Task to complete: Repeat exactly the lines that begin at the one containing "Villa Oasi 5*" and end at the final line of the records; include no pictures and nothing else.

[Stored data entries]
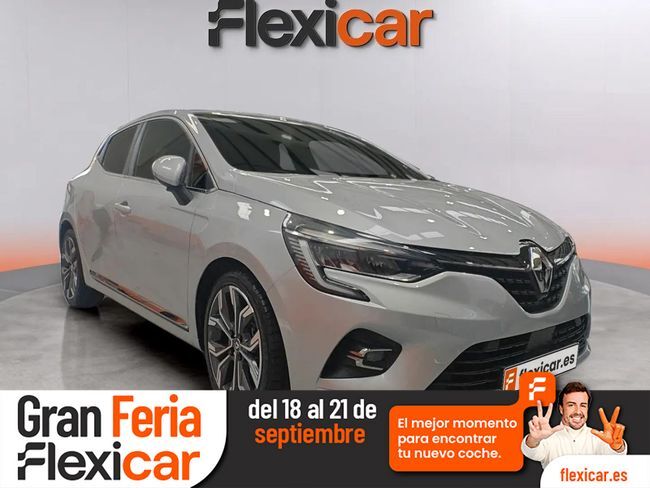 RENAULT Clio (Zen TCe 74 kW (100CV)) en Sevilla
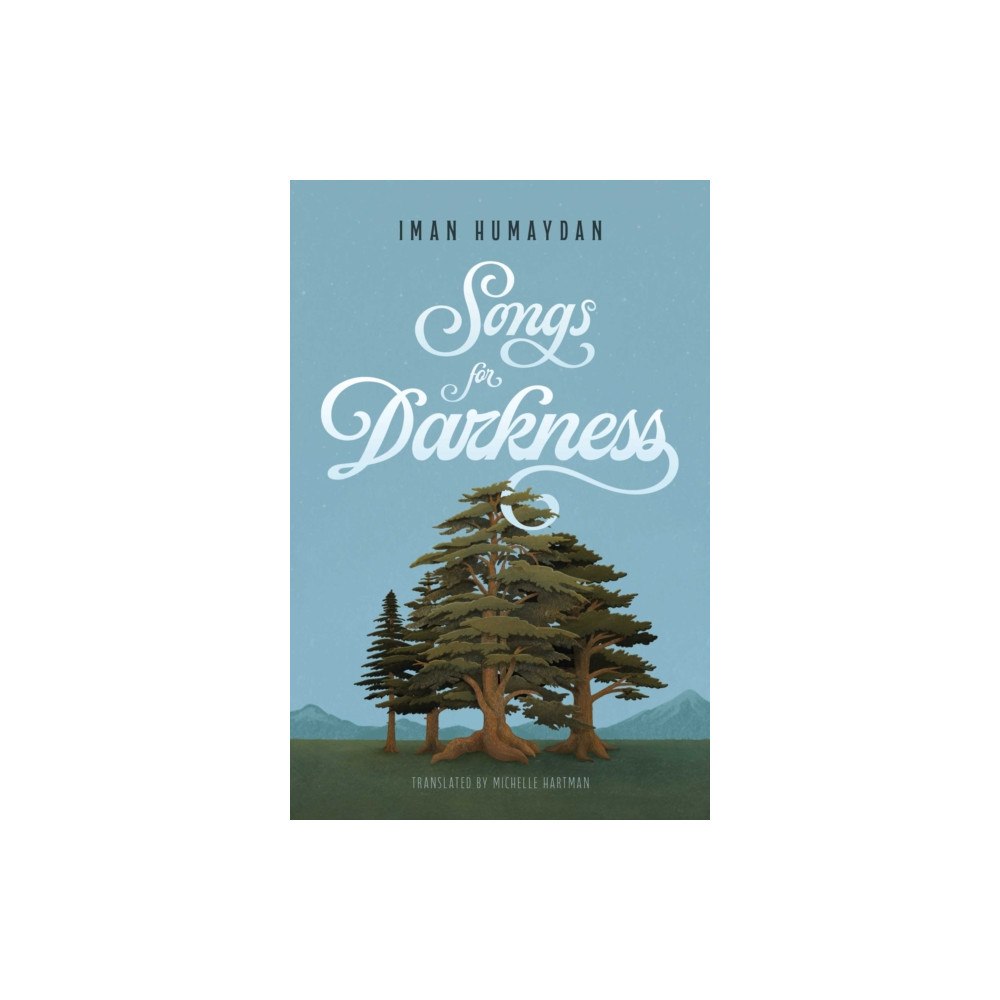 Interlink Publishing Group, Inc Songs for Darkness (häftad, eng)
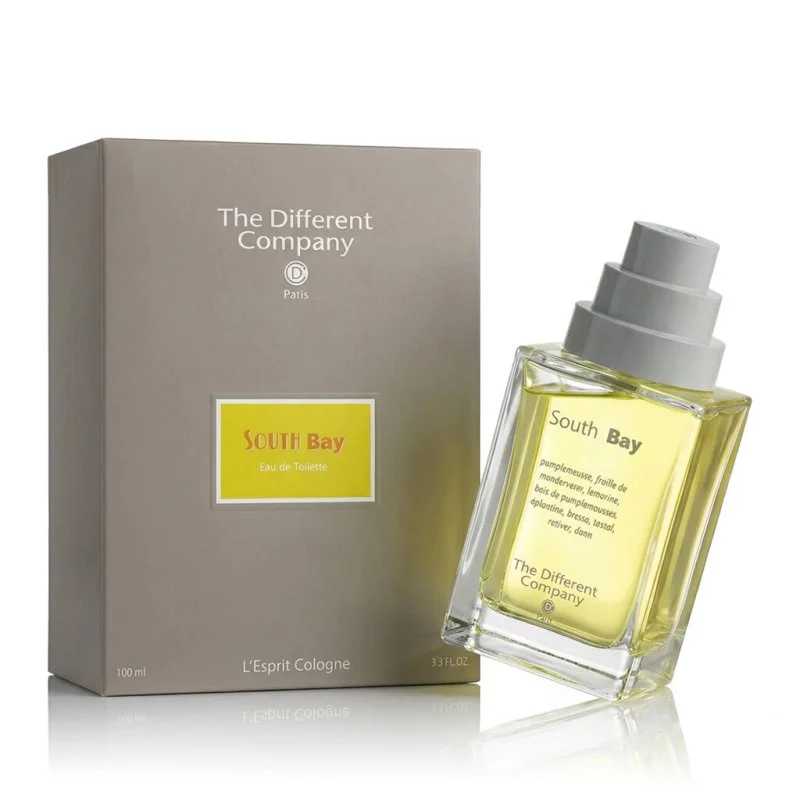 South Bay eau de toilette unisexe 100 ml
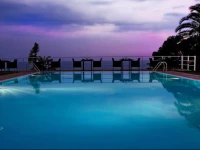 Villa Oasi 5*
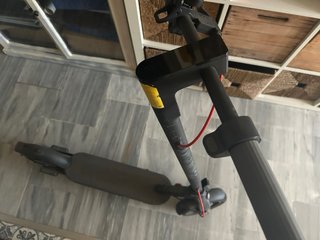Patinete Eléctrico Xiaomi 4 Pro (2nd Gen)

Response box:
 Villa Oasi 5*
Patinete Eléctrico Xiaomi 4 Pro (2nd Gen)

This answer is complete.